Expiation, de Ian McEwan
Dans la première partie du roman où l’on suit les pensées de Briony, écrivain en herbe. Son état d’esprit curieux et créatif donne envie de l’imiter, d’observer tout autour de nous et d’écrire. Ses prétentions ne peuvent tout à fait être prises au sérieux mais sont plutôt amusantes, sa naïveté est sensible, notamment dans le regard qu’elle porte sur les évènements dont elle est le témoin subjectif – différentes étapes d’une séduction adolescente, et enfin un drame qu’elle interprètera à sa façon ; la force du roman est de ne pas nous limiter à son point de vue, on aura ensuite en effet droit d’immiscer les pensées (sans jamais passer par la première personne du singulier, c’est pourquoi les variations de points de vue sont toujours faites de manière subtile, tout en étant de claires) de sa mère, et surtout de sa sœur Cécilia, dont la personnalité m’a beaucoup plu, plus mature que sa petite sœur, elle n’a cependant pas encore d’expérience et j’ai trouvé très intéressante la manière dont est traité son tiraillement entre son attirance et sa méfiance à l’égard de Robbie – et vis-à-vis d’elle-même. J’ai vraiment adoré toute la première partie, l’immersion du lecteur dans le monde des protagonistes est très réussie, tout comme la montée du drame jusqu’à son explosion !

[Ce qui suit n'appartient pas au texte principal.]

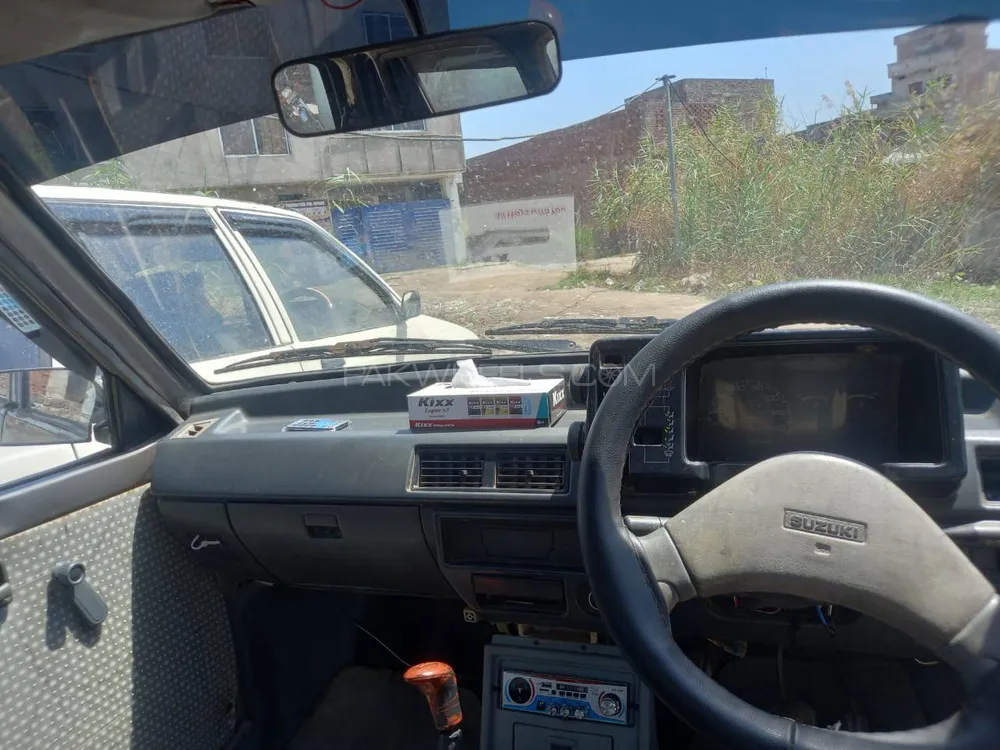 Suzuki Mehran 1991 for Sale in Gujrat Image-1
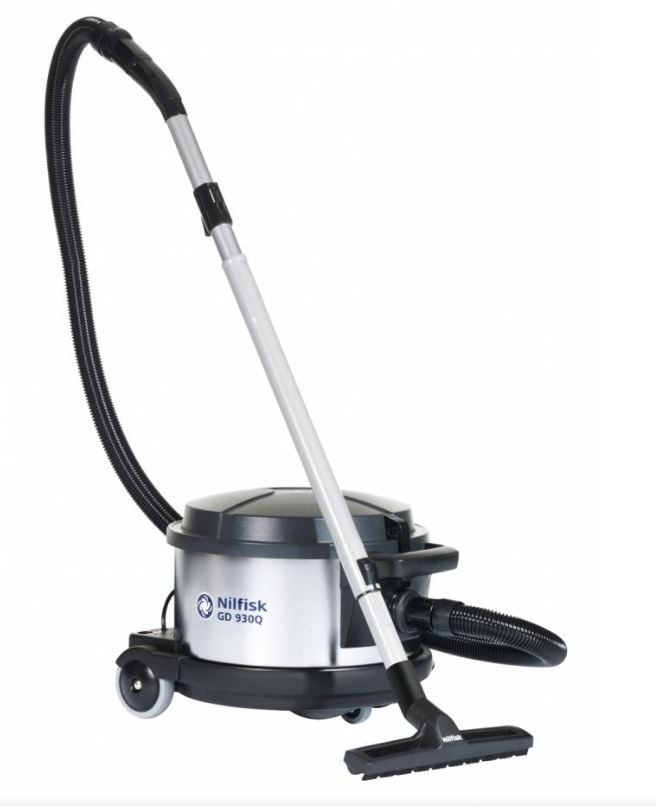 Pölynimuri VP930 PRO HEPA BLUE HF EU - Pölynimurit - 178812 - 1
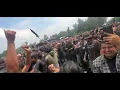 Blnko - Vans Warped Tour México (Escupeme en la cara) 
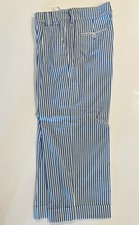 Pantalone plissettato gamba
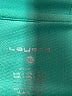 Layer 8 100% Polyester Teal Long Sleeve Top Size XL - photo 4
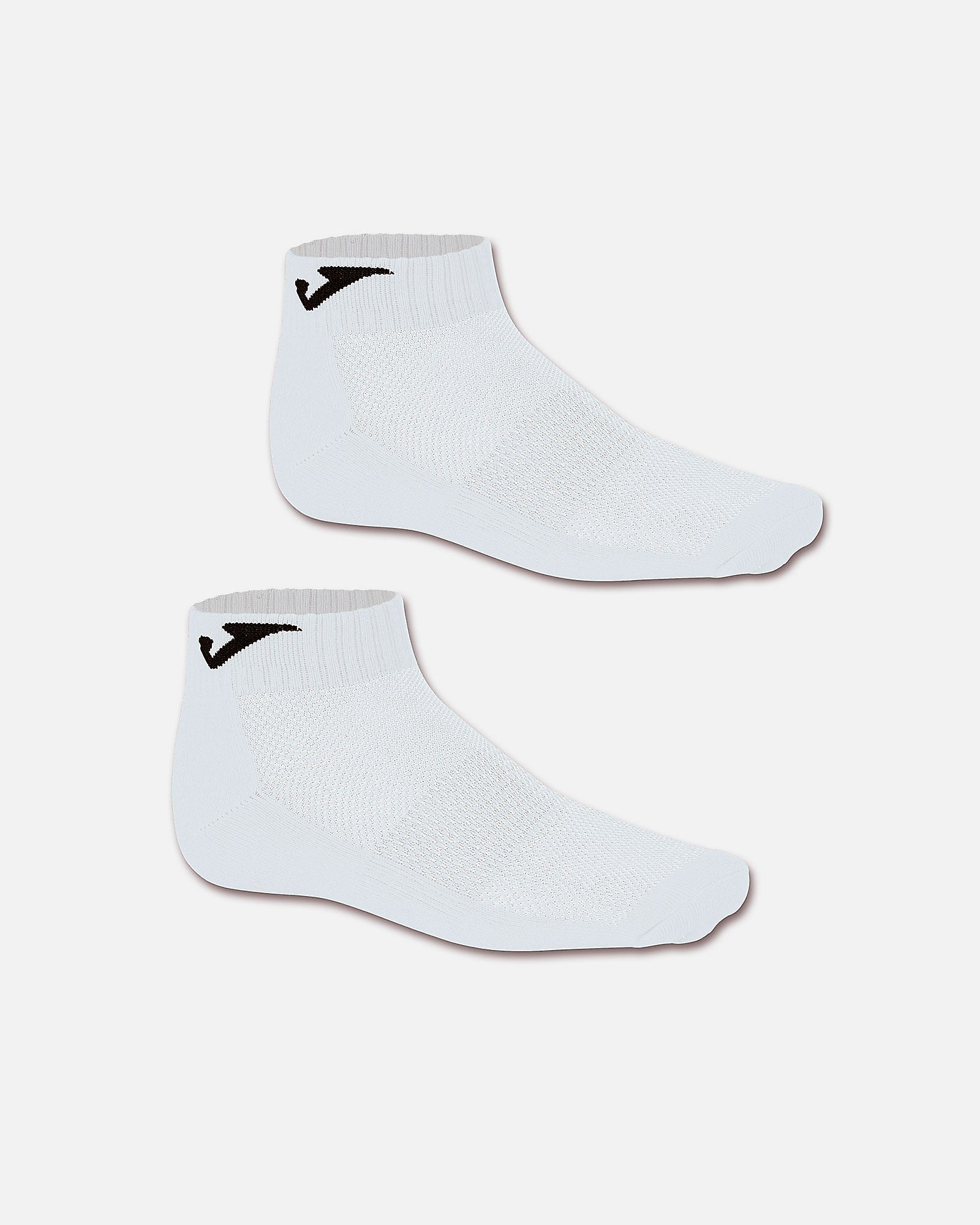 Calcetines de Training Short Blanco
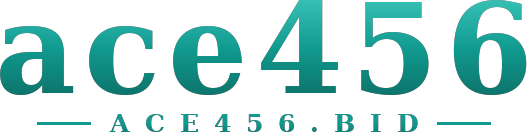 ace456 logo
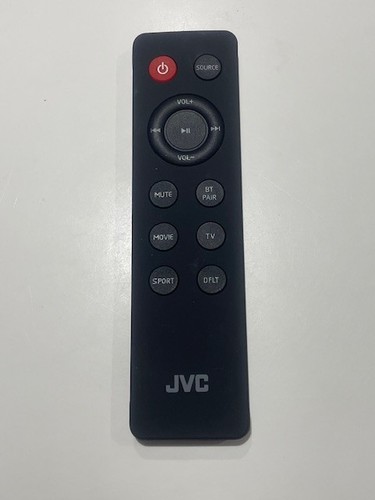 Telecomando originale jvc - originale,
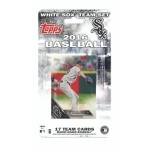 Chicago White Sox Topps Team Set - 2016 Co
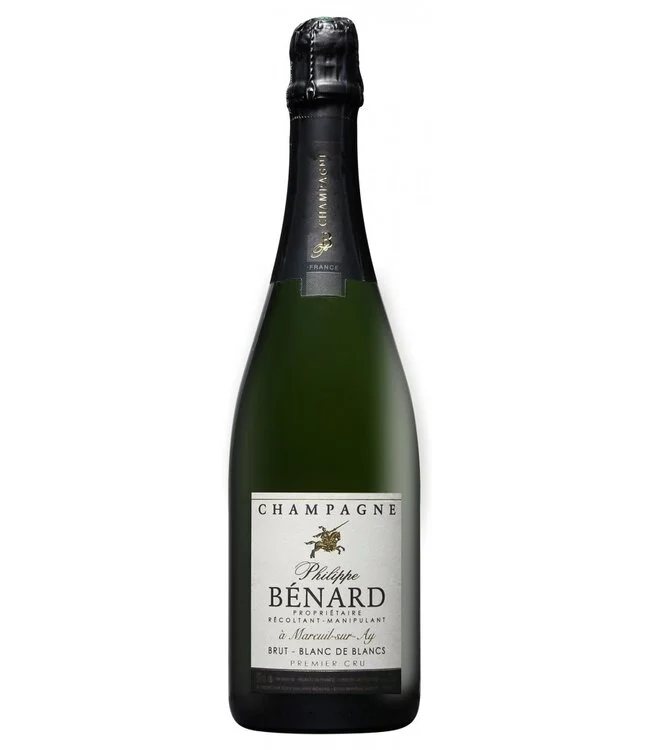 Blanc de Blancs / 1er Cru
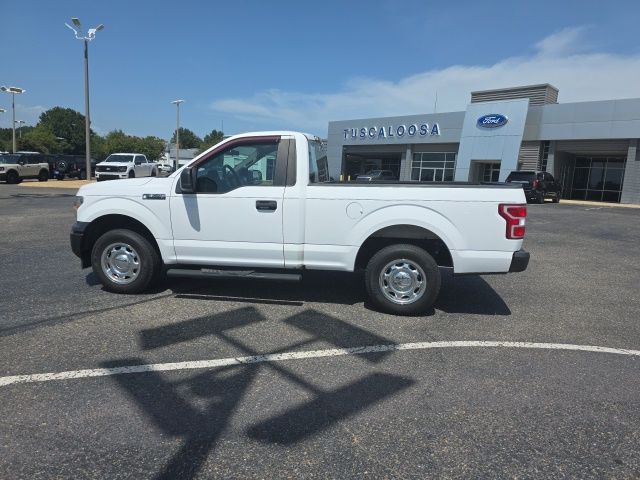 Used 2018 White Ford XL image 6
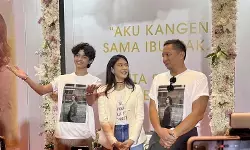 Menunggu ikhlas di tengah teknologi dalam `Esok Tanpa Ibu`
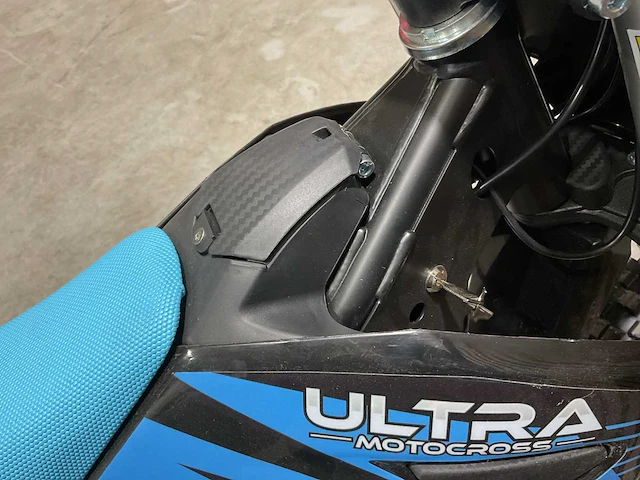 2025 ultra motocross uld01 bl 1800w 48v electrische crossmotor - afbeelding 15 van  17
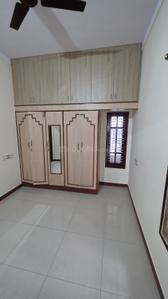 Bedroom Image of 950 Sq.ft 2 BHK Independent House for rent in Banaswadi Bengaluru for Rs. 37000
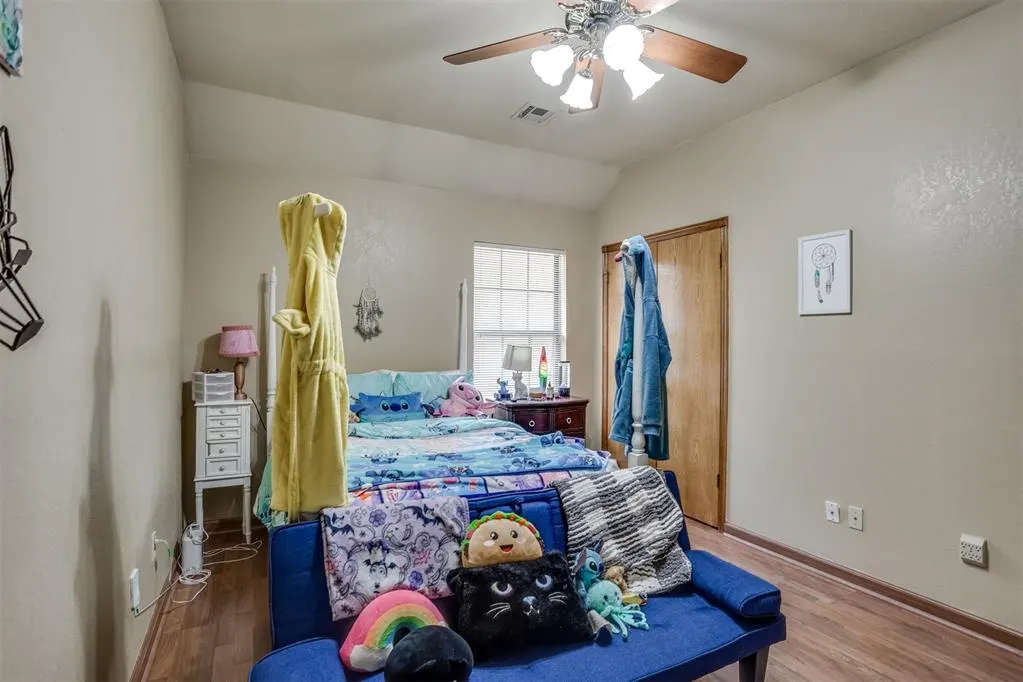 Photo 20 — 9925 Fox Fair Hollow, Midwest City, OK 73130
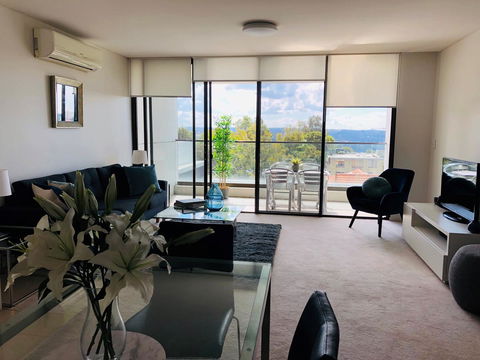 Wyndel Apartments Neutral Bay - The Mint - Accommodation Kalgoorlie 7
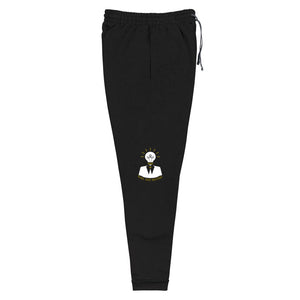 Why Not Retire Unisex Joggers - JTApparel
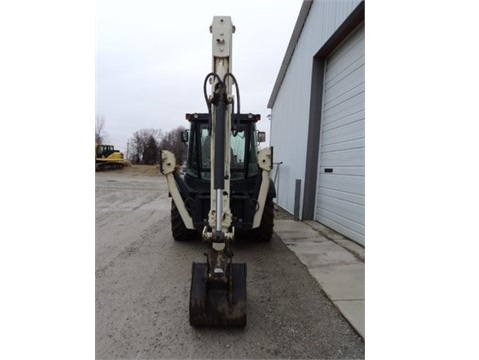 Retroexcavadoras Terex TX760B seminueva en perfecto estado Ref.: 1429906237548919 No. 3
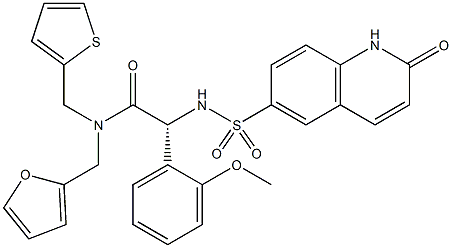 OSMI-1 Struktur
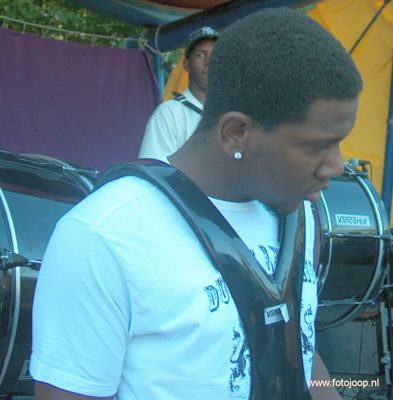 Foto 59 uit wijkparkfeest 2006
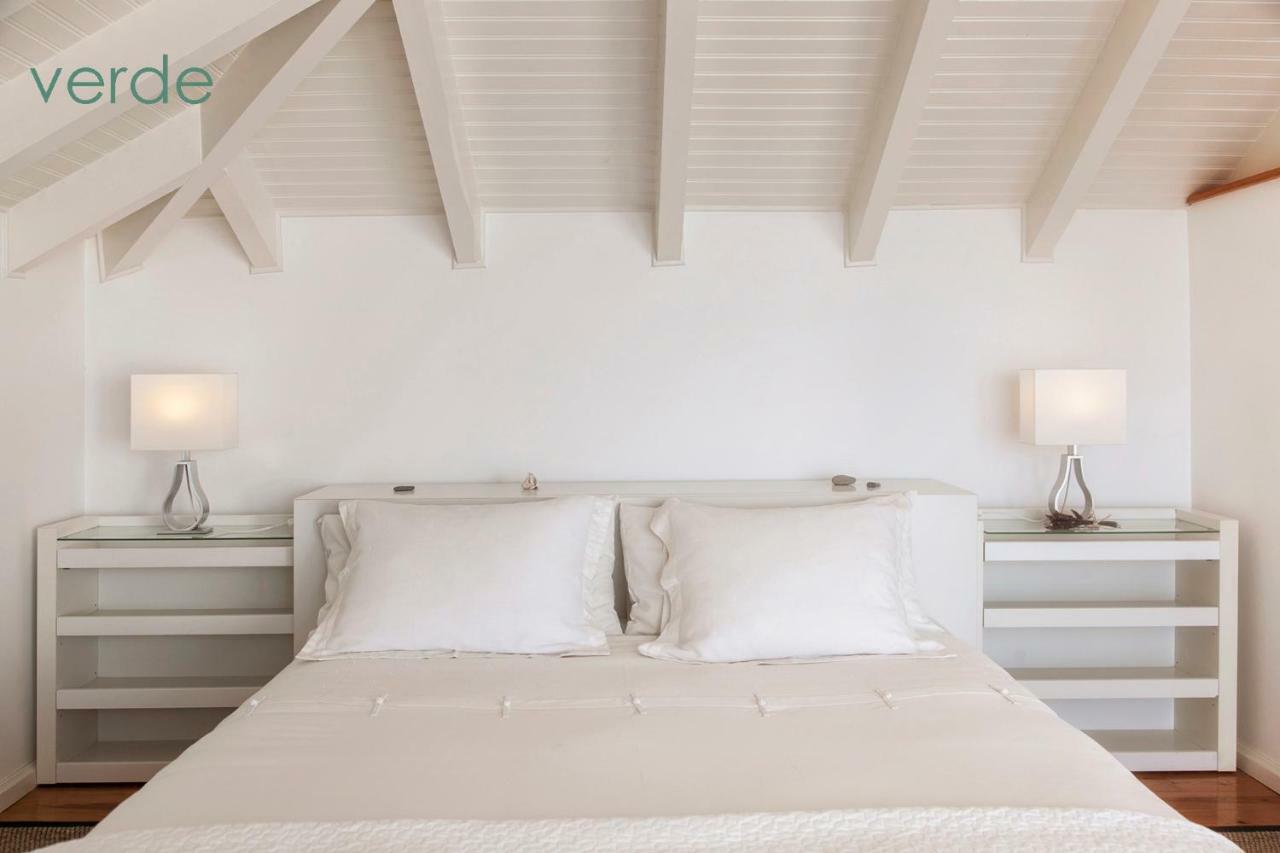 Casa D'Arriba Bed & Breakfast Atouguia Da Baleia Ngoại thất bức ảnh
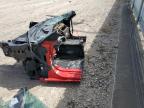 2014 Chevrolet Corvette Stingray 3Lt იყიდება Wilmer-ში, TX - Stripped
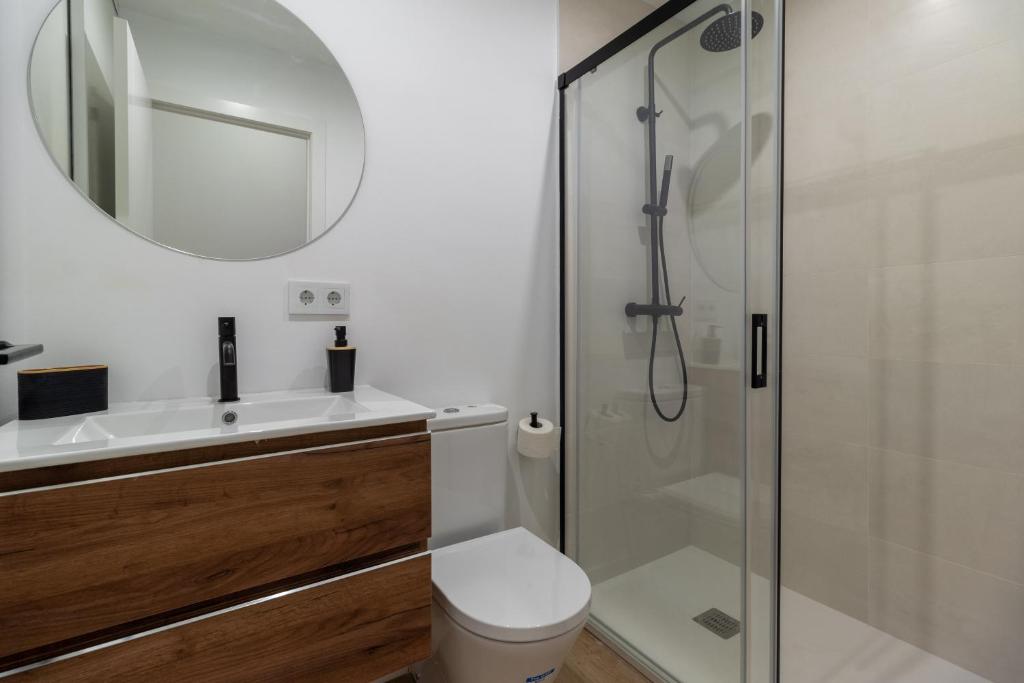 Apartamentos BN Suite Centro - 5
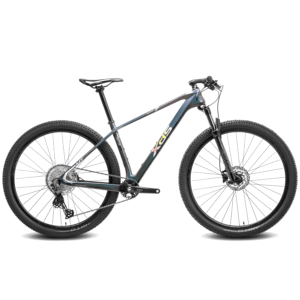 Bicicleta Xds Mt7 Deore 12V. 17 M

La suite m’a beaucoup déçue. La seconde partie est centrée sur Robbie, au début de la seconde guerre mondiale, pendant la retraite des troupes anglaise vers Dunkerque. Bien que pouvant avoir un intérêt en soi, cette chronique de guerre m’a paru complètement déplacée après la première partie, c’est comme si tous les enjeux posés en première partie étaient subitement niés et que l’auteur partaient dans une direction complètement différente en délaissant toutes les fondations prometteuses du début ! J’ai même sauté des pages.
La partie suivante se passe aussi pendant la guerre mais revient sur Briony, qui est à présent apprentie infirmière. J’ai mieux aimé cette partie, pour le plaisir de retrouver sa personnalité (même si, vu les précédents évènements, on peut avoir un jugement très mitigé sur ce personnage désormais) et car il s’agit d’un témoignage assez prenant sur la manière dont elle a vécu ses débuts d’infirmière, confrontée à une vie rude de discipline et à l’horreur de la guerre par l’intermédiaire des blessées qu’elle est souvent impuissante à soulager.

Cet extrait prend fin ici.